• Directions for this task: What do the lines say, reproduced word for word, from the first of the entries below through the line bearing "BYD Leopard 3 Ultra"?

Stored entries
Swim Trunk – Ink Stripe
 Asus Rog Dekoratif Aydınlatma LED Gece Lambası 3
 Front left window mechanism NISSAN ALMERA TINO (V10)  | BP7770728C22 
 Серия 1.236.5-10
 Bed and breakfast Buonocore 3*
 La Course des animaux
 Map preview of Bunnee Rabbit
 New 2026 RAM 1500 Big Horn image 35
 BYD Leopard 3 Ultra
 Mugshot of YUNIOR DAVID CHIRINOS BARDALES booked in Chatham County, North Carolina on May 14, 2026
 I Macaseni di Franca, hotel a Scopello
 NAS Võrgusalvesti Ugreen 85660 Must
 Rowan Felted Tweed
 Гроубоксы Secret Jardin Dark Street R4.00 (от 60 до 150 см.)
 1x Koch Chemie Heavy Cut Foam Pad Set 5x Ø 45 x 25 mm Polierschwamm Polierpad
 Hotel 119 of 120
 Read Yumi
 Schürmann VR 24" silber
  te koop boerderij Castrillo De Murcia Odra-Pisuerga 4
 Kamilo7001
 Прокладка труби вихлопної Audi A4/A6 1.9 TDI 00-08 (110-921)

• Output of the exercise:
Swim Trunk – Ink Stripe
 Asus Rog Dekoratif Aydınlatma LED Gece Lambası 3
 Front left window mechanism NISSAN ALMERA TINO (V10)  | BP7770728C22 
 Серия 1.236.5-10
 Bed and breakfast Buonocore 3*
 La Course des animaux
 Map preview of Bunnee Rabbit
 New 2026 RAM 1500 Big Horn image 35
 BYD Leopard 3 Ultra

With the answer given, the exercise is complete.